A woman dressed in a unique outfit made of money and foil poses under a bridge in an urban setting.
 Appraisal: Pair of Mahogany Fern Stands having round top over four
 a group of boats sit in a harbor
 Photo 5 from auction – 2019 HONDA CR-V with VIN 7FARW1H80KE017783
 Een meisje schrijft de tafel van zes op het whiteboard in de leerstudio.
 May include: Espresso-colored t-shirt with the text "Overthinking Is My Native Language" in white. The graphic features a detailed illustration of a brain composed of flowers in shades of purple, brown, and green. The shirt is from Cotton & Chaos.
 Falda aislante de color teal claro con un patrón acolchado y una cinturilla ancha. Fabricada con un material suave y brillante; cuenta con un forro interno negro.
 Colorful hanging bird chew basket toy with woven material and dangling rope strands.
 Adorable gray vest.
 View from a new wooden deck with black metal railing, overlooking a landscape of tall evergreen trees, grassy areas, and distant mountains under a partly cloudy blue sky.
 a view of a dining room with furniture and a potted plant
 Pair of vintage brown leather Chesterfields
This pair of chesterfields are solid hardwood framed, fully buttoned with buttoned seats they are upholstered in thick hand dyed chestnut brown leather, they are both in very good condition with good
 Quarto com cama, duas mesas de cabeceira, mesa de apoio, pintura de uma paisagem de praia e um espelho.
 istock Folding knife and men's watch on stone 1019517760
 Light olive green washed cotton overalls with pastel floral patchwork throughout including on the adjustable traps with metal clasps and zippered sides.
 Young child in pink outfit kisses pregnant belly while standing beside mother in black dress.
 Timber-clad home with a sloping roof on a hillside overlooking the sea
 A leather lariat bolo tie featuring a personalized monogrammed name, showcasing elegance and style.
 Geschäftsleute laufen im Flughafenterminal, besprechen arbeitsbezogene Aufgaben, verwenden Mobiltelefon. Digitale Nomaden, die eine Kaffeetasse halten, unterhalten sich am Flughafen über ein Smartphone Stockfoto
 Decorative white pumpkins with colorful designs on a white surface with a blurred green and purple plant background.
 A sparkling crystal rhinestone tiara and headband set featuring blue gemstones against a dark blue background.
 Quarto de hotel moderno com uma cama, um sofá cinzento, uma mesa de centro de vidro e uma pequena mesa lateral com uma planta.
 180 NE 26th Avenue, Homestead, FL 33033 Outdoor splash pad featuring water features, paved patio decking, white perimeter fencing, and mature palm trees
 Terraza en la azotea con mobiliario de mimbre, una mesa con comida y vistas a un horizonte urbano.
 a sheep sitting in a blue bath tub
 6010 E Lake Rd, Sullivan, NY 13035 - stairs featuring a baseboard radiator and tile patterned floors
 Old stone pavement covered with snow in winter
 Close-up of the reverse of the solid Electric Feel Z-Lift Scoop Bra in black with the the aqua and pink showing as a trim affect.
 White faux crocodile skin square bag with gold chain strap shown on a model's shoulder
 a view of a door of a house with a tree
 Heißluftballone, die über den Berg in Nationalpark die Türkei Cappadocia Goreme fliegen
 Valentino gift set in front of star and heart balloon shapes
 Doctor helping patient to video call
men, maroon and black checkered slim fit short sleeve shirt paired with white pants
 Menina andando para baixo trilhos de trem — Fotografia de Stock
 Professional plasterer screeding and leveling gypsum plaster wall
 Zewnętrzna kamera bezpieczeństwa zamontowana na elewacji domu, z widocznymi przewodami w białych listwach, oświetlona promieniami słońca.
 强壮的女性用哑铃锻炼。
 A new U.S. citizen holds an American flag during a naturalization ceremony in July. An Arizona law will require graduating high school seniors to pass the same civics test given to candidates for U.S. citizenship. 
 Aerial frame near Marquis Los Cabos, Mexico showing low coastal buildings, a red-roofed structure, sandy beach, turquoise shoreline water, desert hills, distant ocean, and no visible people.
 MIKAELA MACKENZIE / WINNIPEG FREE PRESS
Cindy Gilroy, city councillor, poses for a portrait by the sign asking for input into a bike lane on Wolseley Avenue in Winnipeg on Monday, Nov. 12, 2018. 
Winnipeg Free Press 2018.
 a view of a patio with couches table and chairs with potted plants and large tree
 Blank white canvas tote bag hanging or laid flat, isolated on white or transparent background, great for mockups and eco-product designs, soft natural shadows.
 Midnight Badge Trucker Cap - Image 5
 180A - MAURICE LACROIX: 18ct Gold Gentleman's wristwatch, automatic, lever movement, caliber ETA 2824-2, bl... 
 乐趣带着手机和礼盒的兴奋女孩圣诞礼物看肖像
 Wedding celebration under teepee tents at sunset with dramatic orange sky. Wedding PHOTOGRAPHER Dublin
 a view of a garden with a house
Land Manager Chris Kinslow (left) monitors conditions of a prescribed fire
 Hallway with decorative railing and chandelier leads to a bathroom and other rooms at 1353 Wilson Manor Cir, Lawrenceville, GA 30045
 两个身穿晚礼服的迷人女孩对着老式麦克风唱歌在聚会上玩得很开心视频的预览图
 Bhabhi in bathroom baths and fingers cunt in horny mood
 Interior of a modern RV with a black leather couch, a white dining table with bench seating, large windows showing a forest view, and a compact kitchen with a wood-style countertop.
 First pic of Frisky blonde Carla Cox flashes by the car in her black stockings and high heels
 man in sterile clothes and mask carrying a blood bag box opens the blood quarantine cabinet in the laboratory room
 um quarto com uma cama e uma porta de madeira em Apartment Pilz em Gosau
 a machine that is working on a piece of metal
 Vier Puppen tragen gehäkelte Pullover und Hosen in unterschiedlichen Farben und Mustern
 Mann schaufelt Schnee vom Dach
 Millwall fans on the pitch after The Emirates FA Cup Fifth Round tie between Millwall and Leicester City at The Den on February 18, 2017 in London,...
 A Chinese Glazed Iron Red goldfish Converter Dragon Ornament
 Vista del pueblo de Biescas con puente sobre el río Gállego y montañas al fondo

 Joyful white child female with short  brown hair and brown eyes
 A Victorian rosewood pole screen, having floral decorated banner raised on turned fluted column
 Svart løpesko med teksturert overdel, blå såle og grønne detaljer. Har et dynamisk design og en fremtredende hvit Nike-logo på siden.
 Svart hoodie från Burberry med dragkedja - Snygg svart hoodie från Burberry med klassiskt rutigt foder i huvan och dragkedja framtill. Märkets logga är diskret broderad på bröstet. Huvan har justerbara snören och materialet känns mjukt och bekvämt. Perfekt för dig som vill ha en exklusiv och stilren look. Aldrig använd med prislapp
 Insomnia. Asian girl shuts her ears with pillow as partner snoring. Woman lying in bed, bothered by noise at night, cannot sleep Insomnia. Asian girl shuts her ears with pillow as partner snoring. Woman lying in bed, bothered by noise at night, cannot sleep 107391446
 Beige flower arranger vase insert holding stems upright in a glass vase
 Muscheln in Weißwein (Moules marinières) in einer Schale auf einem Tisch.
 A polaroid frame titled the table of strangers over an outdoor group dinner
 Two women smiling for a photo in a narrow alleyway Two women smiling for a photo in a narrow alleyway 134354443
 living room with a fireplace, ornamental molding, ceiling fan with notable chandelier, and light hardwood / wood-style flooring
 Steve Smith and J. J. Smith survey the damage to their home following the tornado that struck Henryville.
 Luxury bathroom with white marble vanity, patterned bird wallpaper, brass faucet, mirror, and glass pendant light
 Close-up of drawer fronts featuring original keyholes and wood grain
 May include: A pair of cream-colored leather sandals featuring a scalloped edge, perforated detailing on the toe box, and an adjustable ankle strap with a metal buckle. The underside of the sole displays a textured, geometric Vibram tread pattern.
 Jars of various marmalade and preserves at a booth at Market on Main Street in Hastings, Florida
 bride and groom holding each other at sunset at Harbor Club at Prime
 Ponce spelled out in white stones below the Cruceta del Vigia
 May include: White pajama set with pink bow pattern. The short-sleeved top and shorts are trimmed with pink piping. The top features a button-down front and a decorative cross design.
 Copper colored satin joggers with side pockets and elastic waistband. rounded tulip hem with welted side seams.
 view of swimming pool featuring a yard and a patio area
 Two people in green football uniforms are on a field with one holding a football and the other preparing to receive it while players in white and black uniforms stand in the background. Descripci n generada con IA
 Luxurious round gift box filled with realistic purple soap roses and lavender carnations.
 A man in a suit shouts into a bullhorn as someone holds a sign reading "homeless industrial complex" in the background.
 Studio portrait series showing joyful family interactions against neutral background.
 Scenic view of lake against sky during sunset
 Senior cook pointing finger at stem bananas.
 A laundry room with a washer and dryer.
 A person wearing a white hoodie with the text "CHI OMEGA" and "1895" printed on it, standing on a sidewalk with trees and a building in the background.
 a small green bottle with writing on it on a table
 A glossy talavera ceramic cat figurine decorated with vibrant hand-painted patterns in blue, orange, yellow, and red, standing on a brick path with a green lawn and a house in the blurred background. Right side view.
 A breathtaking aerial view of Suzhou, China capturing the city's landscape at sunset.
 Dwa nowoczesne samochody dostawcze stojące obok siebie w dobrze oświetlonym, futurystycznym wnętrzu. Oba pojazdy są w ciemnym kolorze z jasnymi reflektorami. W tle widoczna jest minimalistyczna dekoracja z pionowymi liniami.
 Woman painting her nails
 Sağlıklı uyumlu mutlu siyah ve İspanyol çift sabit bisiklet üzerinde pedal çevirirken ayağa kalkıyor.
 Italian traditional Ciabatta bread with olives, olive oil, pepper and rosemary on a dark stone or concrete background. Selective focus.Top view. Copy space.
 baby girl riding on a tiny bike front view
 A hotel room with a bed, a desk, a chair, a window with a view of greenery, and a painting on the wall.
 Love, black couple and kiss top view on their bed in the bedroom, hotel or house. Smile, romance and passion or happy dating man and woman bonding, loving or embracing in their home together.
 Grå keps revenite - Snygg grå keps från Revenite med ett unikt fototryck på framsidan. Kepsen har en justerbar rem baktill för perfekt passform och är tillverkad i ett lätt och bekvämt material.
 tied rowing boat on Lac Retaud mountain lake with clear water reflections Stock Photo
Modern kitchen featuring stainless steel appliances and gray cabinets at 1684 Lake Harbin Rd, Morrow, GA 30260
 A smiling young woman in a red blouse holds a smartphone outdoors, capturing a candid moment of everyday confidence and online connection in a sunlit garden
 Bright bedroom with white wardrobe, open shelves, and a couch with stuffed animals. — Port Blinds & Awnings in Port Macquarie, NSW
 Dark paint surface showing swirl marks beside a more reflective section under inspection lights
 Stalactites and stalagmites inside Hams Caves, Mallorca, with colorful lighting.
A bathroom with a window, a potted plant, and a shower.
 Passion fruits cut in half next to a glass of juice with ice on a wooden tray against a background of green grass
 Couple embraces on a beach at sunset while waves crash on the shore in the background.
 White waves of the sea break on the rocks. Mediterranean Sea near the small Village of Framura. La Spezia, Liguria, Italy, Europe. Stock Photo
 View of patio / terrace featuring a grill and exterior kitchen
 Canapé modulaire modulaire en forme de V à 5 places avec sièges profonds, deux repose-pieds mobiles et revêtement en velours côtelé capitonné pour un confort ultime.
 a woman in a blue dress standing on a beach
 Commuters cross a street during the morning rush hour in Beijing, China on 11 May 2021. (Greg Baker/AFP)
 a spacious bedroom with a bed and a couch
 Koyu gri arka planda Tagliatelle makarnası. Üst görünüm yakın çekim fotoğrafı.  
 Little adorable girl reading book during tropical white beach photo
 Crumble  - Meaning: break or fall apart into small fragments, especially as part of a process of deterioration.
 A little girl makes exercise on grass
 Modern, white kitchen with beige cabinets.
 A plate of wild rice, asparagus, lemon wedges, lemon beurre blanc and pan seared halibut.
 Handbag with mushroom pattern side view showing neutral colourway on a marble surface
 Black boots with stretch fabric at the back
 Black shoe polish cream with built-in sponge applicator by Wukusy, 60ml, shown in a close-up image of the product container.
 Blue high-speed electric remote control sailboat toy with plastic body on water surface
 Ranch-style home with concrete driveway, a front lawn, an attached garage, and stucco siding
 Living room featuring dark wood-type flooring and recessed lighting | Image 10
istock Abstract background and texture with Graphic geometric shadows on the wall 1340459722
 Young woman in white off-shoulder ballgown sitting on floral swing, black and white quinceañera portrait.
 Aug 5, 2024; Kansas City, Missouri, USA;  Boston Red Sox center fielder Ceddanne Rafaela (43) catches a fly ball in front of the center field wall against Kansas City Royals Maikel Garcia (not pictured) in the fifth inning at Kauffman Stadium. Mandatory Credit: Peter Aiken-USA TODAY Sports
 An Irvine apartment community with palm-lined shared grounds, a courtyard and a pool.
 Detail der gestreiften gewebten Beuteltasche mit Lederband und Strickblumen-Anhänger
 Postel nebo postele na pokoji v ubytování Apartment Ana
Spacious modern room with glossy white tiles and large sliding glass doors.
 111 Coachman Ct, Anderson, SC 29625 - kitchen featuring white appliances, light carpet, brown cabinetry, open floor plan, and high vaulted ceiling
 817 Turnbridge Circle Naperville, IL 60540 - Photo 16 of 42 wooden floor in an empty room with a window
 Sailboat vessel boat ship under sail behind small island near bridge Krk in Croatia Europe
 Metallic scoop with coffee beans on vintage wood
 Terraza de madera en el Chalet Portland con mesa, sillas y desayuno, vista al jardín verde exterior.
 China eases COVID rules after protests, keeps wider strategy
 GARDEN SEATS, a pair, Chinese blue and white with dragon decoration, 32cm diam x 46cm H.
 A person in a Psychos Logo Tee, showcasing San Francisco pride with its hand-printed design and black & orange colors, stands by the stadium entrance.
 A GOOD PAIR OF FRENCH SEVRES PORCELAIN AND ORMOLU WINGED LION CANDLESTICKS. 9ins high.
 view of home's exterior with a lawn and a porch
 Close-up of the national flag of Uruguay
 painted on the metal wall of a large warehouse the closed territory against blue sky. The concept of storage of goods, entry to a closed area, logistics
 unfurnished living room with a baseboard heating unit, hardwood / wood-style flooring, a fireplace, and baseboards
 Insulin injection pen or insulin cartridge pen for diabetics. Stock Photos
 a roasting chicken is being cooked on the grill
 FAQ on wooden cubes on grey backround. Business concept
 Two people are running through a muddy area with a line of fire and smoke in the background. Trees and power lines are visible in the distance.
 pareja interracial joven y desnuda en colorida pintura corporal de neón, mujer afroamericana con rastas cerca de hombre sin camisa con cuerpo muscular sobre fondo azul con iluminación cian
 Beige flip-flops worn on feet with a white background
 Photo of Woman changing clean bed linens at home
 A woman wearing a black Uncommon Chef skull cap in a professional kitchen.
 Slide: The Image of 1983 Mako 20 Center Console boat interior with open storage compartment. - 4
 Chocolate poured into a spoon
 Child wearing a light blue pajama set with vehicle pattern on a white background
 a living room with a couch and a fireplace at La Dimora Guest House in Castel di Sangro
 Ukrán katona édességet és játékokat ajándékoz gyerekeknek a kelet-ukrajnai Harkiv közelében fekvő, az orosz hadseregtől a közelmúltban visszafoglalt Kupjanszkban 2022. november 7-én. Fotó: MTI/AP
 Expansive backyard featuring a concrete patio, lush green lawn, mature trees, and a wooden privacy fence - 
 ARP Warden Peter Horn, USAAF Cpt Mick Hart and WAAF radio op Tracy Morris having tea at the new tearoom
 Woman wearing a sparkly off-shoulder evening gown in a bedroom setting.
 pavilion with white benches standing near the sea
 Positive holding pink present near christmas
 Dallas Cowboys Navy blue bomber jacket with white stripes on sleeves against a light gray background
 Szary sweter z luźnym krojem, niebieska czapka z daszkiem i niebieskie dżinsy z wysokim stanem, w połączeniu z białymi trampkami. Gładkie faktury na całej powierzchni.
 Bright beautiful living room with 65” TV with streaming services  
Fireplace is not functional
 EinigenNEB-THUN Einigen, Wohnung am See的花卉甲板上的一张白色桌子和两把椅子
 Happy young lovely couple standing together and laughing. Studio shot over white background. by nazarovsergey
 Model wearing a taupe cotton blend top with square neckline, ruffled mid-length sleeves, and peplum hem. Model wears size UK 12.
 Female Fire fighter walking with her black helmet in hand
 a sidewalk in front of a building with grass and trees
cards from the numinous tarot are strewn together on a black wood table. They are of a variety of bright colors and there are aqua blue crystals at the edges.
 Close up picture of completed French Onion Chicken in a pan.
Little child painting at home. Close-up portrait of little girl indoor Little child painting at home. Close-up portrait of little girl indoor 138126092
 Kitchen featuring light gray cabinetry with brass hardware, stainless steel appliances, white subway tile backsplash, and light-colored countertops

──────

Would you copy out every line in the records that includes the string "high"?

• RESULT OF THIS TASK
 A new U.S. citizen holds an American flag during a naturalization ceremony in July. An Arizona law will require graduating high school seniors to pass the same civics test given to candidates for U.S. citizenship. 
 First pic of Frisky blonde Carla Cox flashes by the car in her black stockings and high heels
 Blue high-speed electric remote control sailboat toy with plastic body on water surface
 111 Coachman Ct, Anderson, SC 29625 - kitchen featuring white appliances, light carpet, brown cabinetry, open floor plan, and high vaulted ceiling
 A GOOD PAIR OF FRENCH SEVRES PORCELAIN AND ORMOLU WINGED LION CANDLESTICKS. 9ins high.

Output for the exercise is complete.